» What you need to do: Copy exactly, no pictures: every line from the one that contains "29V Power Cord" through the end of the entries below.

» Provided entries:
============

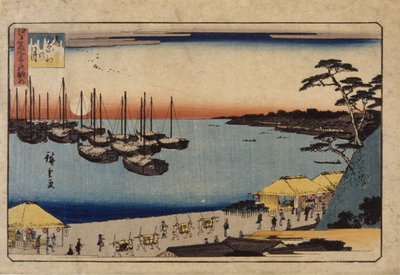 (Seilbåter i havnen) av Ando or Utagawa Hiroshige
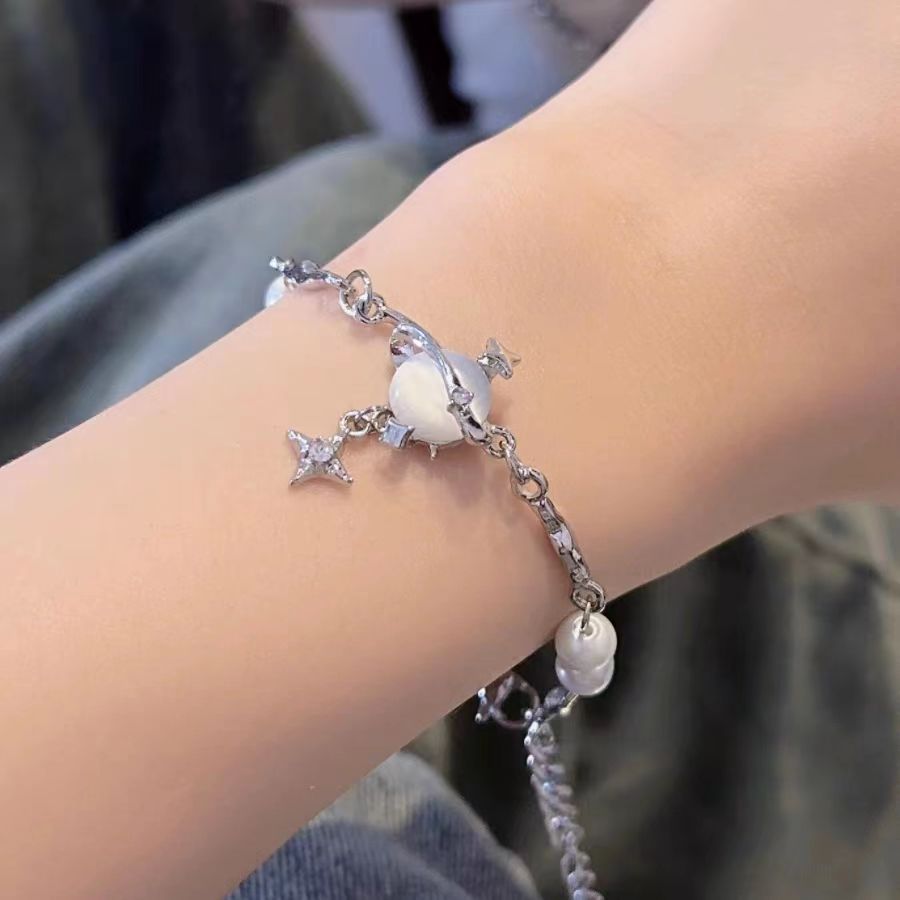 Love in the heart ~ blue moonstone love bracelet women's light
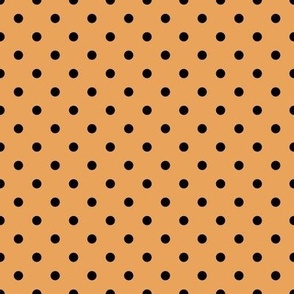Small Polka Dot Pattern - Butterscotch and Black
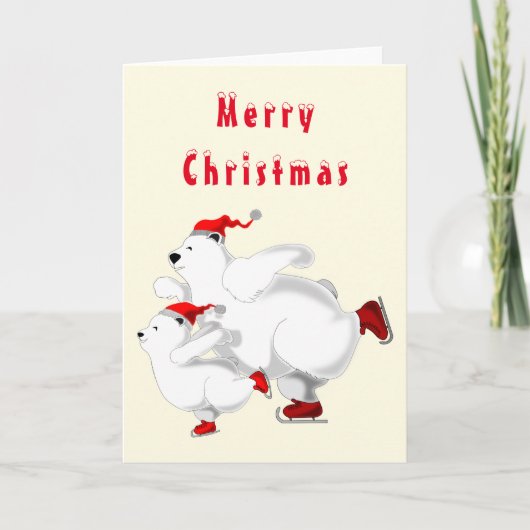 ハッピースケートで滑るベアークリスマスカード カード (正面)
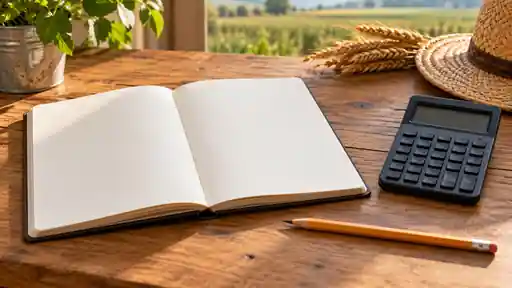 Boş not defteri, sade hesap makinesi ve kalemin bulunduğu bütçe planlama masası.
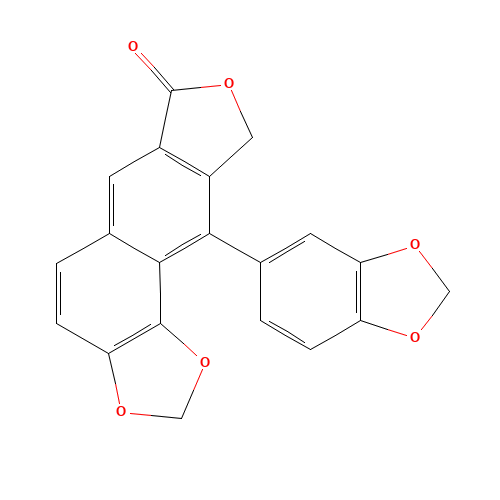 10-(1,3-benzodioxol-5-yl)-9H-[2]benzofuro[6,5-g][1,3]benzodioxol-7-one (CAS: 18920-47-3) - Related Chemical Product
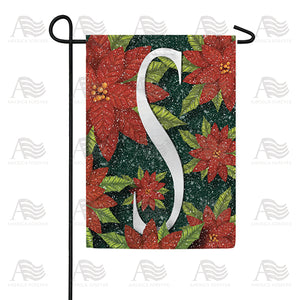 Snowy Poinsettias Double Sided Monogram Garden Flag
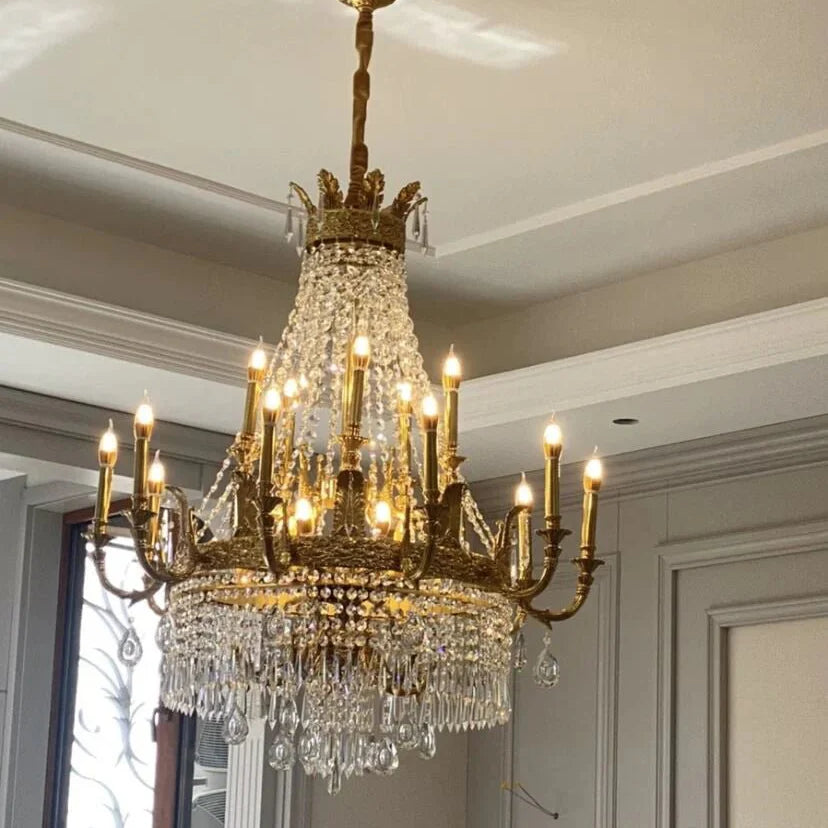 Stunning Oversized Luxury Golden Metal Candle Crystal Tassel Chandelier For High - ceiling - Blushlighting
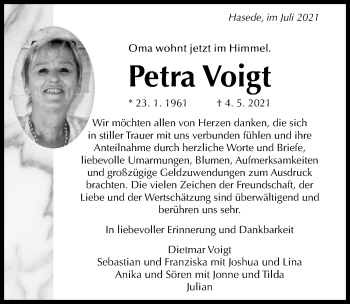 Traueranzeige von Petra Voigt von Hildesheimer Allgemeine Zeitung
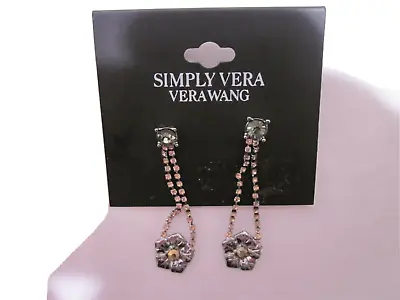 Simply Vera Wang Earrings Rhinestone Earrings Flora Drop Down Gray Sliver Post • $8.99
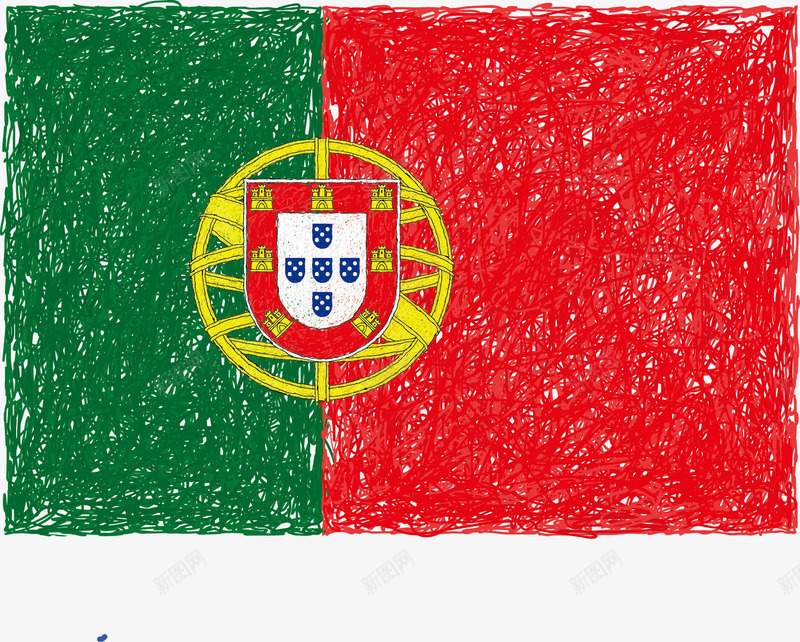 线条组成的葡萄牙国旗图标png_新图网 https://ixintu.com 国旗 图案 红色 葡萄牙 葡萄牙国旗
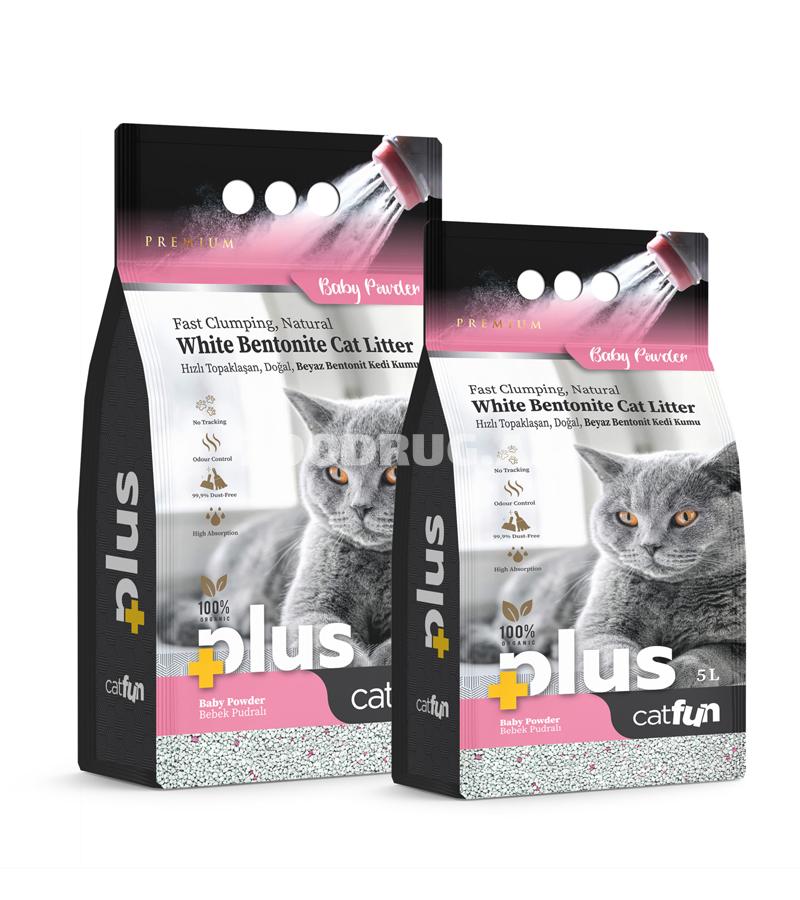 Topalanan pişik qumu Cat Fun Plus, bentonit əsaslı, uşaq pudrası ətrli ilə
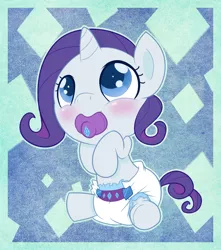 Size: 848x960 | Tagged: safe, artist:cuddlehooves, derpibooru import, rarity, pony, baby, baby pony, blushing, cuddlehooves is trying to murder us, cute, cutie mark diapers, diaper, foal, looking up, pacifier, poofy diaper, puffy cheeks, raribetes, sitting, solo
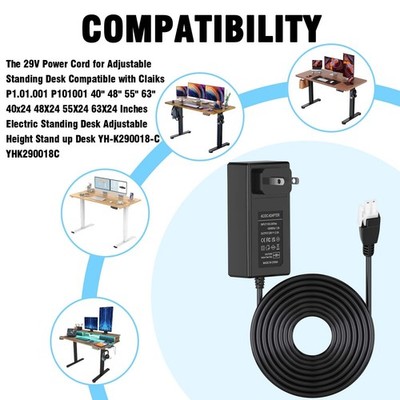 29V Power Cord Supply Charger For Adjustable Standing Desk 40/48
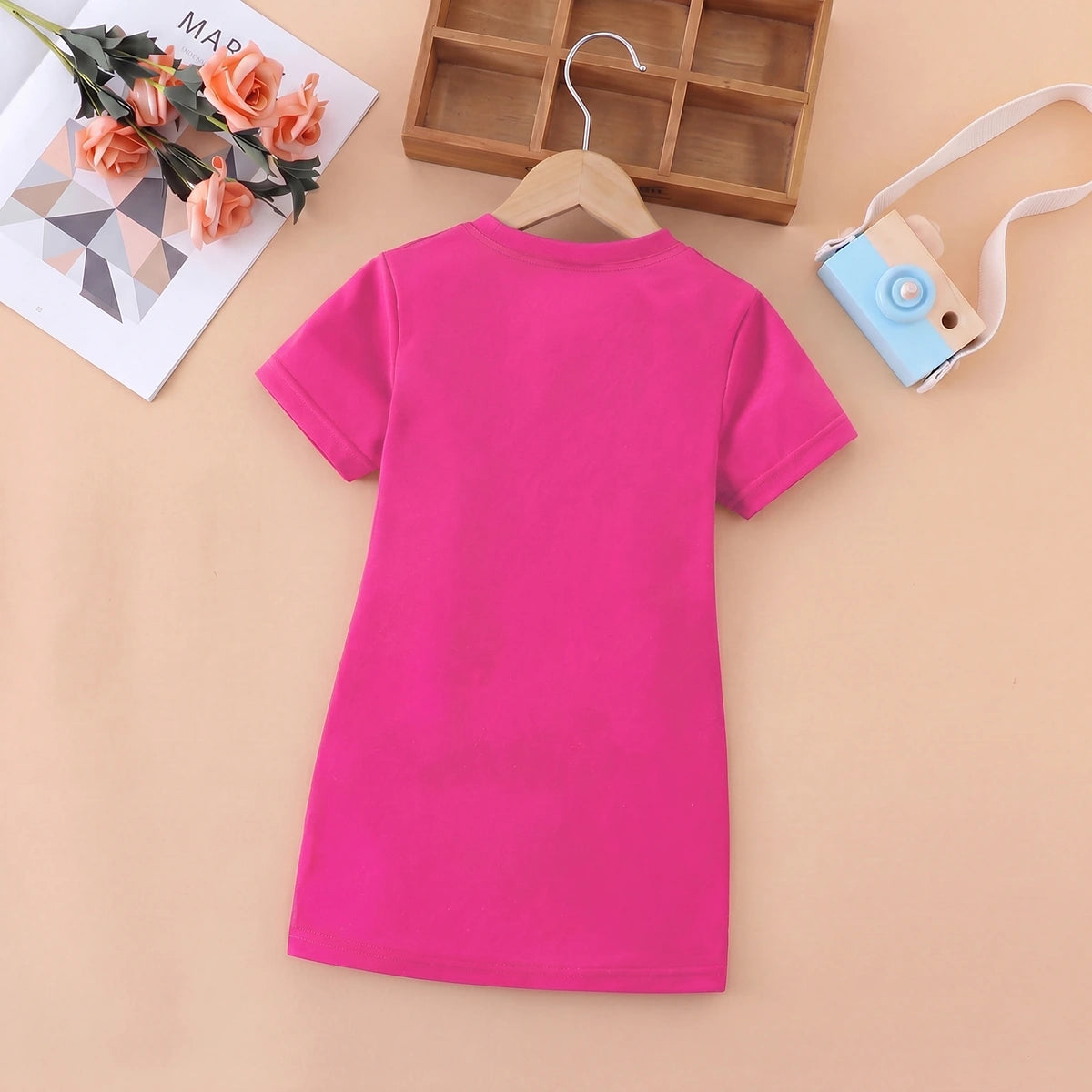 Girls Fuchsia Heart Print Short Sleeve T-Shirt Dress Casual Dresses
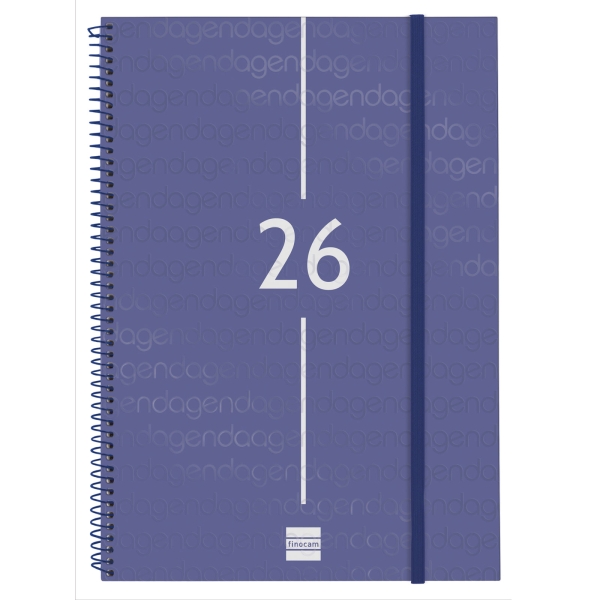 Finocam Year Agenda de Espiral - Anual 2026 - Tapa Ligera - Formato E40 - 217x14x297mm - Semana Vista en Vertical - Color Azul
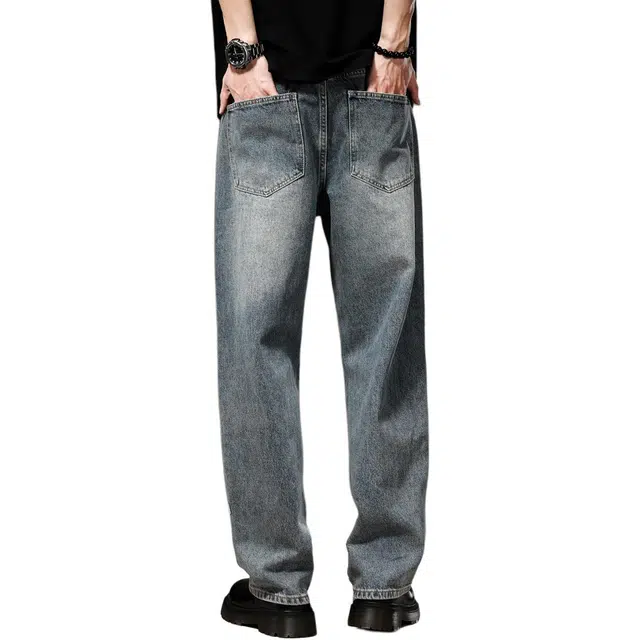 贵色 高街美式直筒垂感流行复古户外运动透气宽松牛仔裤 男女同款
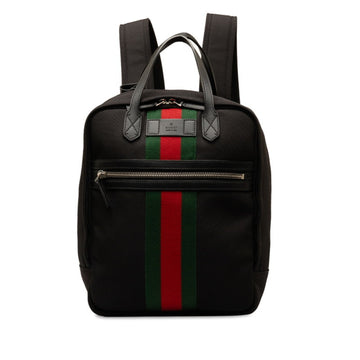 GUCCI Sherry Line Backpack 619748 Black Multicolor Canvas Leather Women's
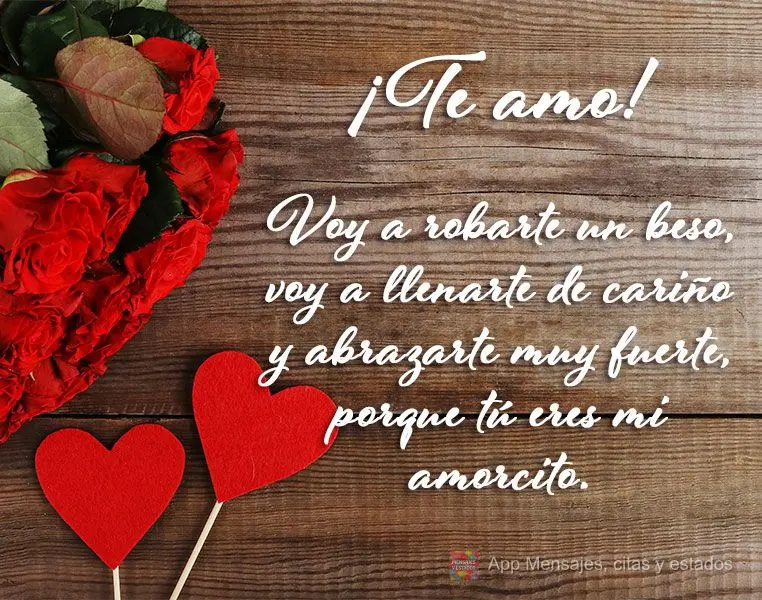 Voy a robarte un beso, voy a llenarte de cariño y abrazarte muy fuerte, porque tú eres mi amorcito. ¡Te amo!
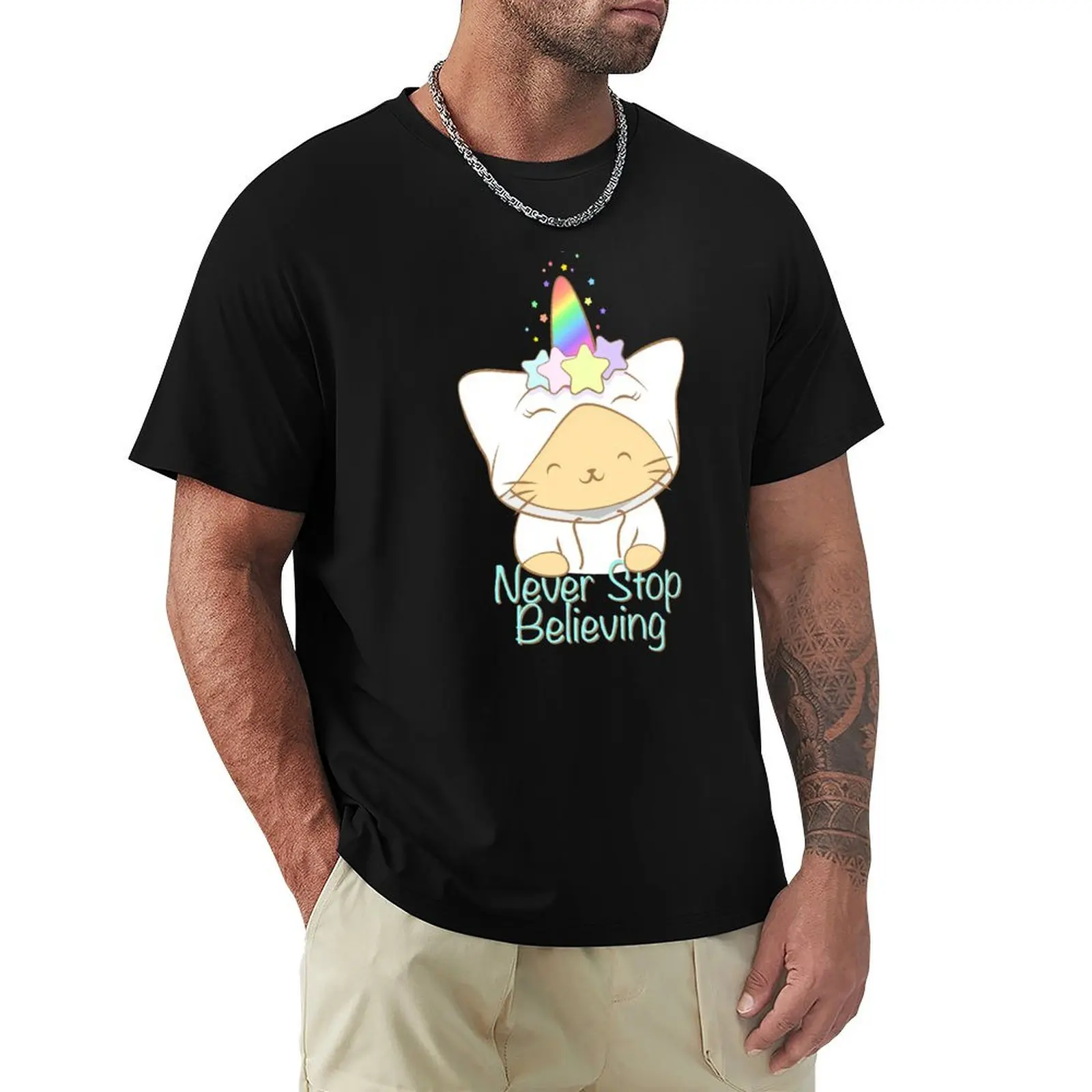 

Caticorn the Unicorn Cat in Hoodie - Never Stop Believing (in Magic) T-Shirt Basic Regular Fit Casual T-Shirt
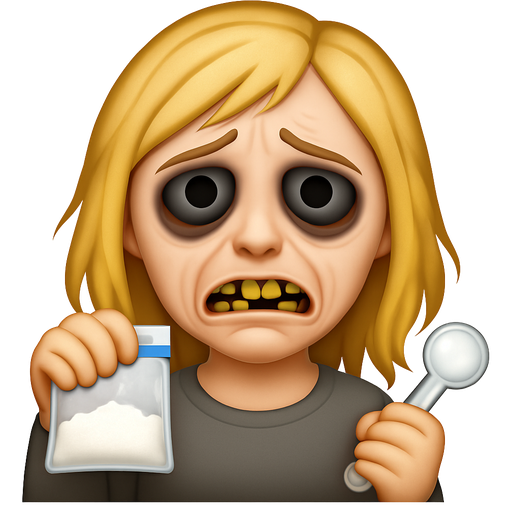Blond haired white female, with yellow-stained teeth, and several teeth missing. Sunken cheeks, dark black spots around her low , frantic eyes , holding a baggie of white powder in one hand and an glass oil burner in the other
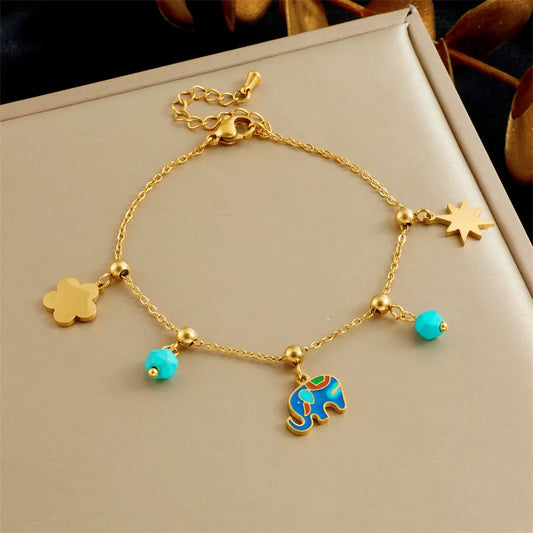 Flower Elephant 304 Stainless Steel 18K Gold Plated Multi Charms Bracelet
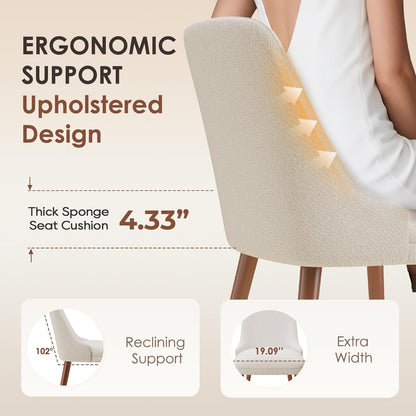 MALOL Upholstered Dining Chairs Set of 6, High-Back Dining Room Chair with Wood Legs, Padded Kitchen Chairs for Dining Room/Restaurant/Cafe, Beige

============

» Task output:
 29V Power Cord Supply Charger For Adjustable Standing Desk 40/48
 Girls Fuchsia Heart Print Short Sleeve T-Shirt Dress Casual Dresses
 Finocam Year Agenda de Espiral - Anual 2026 - Tapa Ligera - Formato E40 - 217x14x297mm - Semana Vista en Vertical - Color Azul
 贵色 高街美式直筒垂感流行复古户外运动透气宽松牛仔裤 男女同款
 GUCCI Sherry Line Backpack 619748 Black Multicolor Canvas Leather Women's
 Voy a robarte un beso, voy a llenarte de cariño y abrazarte muy fuerte, porque tú eres mi amorcito. ¡Te amo!

Caticorn the Unicorn Cat in Hoodie - Never Stop Believing (in Magic) T-Shirt Basic Regular Fit Casual T-Shirt
Blond haired white female, with yellow-stained teeth, and several teeth missing. Sunken cheeks, dark black spots around her low , frantic eyes , holding a baggie of white powder in one hand and an glass oil burner in the other
 Flower Elephant 304 Stainless Steel 18K Gold Plated Multi Charms Bracelet
 MALOL Upholstered Dining Chairs Set of 6, High-Back Dining Room Chair with Wood Legs, Padded Kitchen Chairs for Dining Room/Restaurant/Cafe, Beige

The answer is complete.